November 28, 2009

Yang Tertinggi

"Orang yang mendaki paling tinggi
adalah orang yang membantu orang lain
naik ke atas."

(George Matthew Adams)

"Di tempat kami berada udara dingin sekali. sehingga lilin membeku dan kami tidak bisa meniupnya untuk memadamkan nyalanya," kata seorang pria kepada pria lainnya.
"Itu belum apa-apa," jawab pria satunya. "Di tempat kami tiap kata-kata keluar dari mulut dalam kepingan-kepingan es kecil, dan kami harus menggorengnya terlebih dulu supaya bisa melihat apa yang kami bicarakan." (majalah Courier Journal).

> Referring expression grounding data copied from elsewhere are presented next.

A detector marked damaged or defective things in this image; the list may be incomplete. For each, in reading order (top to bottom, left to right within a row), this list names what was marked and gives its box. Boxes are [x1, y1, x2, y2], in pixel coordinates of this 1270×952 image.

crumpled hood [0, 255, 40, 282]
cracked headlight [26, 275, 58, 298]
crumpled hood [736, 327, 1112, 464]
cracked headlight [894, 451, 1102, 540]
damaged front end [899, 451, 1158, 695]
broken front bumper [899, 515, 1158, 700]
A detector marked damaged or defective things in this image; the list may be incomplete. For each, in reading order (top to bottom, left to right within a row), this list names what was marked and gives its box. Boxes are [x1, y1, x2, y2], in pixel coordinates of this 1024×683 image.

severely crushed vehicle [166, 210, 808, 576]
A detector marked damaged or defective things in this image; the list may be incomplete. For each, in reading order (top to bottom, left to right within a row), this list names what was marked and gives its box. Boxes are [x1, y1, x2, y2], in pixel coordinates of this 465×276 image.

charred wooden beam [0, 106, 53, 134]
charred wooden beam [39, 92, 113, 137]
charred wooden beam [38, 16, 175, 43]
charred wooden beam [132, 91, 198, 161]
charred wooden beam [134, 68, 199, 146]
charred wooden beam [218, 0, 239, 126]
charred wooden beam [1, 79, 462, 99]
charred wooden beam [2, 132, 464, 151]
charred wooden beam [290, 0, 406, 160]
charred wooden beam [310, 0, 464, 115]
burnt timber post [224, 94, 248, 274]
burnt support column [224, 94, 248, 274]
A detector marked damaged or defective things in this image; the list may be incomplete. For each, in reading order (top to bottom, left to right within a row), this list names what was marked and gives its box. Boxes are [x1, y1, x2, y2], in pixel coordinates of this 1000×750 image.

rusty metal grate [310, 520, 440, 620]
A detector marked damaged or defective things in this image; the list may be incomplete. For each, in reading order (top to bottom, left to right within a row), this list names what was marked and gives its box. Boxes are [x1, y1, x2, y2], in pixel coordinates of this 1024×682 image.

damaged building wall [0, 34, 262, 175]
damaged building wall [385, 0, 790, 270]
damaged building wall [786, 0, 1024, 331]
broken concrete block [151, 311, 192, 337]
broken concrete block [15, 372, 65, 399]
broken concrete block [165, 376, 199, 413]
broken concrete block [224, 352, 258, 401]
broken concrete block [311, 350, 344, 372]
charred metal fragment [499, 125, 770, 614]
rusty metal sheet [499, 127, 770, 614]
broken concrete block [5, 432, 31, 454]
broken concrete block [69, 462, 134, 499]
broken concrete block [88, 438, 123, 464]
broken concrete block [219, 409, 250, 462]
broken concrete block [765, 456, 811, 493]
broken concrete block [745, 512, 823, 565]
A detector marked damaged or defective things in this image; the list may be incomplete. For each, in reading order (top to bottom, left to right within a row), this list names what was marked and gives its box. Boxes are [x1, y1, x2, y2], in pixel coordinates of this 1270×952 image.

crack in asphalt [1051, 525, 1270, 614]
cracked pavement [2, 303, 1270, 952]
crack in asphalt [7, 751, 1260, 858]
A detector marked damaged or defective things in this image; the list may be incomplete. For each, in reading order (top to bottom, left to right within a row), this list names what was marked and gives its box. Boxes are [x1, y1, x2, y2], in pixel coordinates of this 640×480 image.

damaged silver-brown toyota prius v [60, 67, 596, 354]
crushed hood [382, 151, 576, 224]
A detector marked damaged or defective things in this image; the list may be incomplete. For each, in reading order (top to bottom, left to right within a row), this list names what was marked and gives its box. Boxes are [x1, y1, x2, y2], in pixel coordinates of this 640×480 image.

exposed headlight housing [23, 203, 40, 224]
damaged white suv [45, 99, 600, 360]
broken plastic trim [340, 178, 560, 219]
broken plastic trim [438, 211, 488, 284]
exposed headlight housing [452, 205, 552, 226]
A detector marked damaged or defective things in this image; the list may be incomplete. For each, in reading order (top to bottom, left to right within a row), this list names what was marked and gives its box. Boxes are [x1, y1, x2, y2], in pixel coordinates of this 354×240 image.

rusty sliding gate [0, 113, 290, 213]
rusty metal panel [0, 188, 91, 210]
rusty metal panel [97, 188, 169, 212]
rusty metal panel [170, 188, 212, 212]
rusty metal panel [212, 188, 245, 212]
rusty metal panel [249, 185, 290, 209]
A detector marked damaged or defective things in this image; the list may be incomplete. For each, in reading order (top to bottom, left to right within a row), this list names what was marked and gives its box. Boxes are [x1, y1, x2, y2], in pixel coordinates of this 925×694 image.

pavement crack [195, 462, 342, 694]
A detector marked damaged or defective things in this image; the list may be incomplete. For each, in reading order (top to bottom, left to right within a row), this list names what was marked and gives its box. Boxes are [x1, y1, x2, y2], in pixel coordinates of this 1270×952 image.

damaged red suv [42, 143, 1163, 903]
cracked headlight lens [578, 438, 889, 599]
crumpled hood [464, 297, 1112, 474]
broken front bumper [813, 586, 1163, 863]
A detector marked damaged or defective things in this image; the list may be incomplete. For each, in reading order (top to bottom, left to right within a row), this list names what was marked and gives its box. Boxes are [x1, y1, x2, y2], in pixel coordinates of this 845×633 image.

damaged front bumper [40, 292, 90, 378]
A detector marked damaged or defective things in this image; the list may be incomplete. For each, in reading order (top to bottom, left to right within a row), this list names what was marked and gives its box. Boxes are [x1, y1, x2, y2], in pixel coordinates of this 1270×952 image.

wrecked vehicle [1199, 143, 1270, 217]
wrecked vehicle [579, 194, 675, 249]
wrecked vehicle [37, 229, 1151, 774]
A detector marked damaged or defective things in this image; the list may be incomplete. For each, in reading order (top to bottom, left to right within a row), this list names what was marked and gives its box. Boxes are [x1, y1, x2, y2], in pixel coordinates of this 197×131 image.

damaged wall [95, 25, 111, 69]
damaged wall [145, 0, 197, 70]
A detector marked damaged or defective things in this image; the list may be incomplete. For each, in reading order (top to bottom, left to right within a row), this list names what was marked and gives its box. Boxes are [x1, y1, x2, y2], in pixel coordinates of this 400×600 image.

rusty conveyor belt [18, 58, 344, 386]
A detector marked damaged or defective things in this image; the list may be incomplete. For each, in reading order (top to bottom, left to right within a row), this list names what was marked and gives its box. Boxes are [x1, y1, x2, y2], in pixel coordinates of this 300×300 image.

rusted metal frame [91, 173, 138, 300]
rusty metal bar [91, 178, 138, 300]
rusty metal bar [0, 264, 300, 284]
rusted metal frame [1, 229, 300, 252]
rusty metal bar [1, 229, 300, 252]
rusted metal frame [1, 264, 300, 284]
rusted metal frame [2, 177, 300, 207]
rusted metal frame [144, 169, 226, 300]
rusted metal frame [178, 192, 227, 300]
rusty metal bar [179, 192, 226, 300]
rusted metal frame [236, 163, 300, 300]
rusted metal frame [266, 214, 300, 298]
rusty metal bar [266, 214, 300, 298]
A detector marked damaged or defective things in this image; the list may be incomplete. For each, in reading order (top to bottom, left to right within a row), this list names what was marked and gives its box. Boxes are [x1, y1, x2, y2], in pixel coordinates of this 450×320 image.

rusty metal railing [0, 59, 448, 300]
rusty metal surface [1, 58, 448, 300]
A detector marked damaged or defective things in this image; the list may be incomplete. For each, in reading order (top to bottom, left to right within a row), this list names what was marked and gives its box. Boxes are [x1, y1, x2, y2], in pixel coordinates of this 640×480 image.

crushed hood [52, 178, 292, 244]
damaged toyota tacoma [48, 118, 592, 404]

Obrolan di atas tentulah banyolan belaka. Tapi, intinya, pria yang satu tidak mau kalah dibanding pria lainnya. Dan, pada kenyataannya, manusia pada umumnya memang demikian.

Dalam hidup ini orang selalu ingin melebihi orang lainnya. Karena itulah orang yang sudah meraih gelar sarjana masih juga meneruskan pendidikannya hingga menyandang status master. Cukup? Ternyata belum. Pendidikannya diteruskan lagi hingga mencapai gelas doktor. Sementara puluhan anak di lingkungannya terpaksa putus sekolah sebelum sempat memegang ijazah karena orangtuanya hidup susah.

Karena itu pula orang tidak pernah merasa dirinya kaya, sebab selalu saja ada orang lain yang lebih kaya. Sayangnya, untuk menumpuk kekayaan orang tak jarang menghalalkan segala cara: membabat hutan dan bahkan berbisnis obat terlarang yang menyebabkan generasi muda tergelincir ke jurang kehancuran.

Keinginan untuk melebihi orang lain tersebut berlanjut pula pada sikap hidup keseharian. Orang yang sudah memiliki dua buah mobil, selalu saja ingin membeli mpbil baru yang ketiga. Jika tetangga sebelah memiliki jumlah yang sama, maka ia akan menambah satu lagi agar melebihinya. Jika tetangganya punya mobil baru, ia akan membeli yang lebih baru. Karena itulah setiap mobil produk terbaru diluncurkan ke pasar, selalu saja ada banyak pembelinya. Soalnya, orang membeli mobil tidak lagi sekadar untuk memenuhi kebutuhan, melainkan demi memenuhi keinginan melebihi orang lain.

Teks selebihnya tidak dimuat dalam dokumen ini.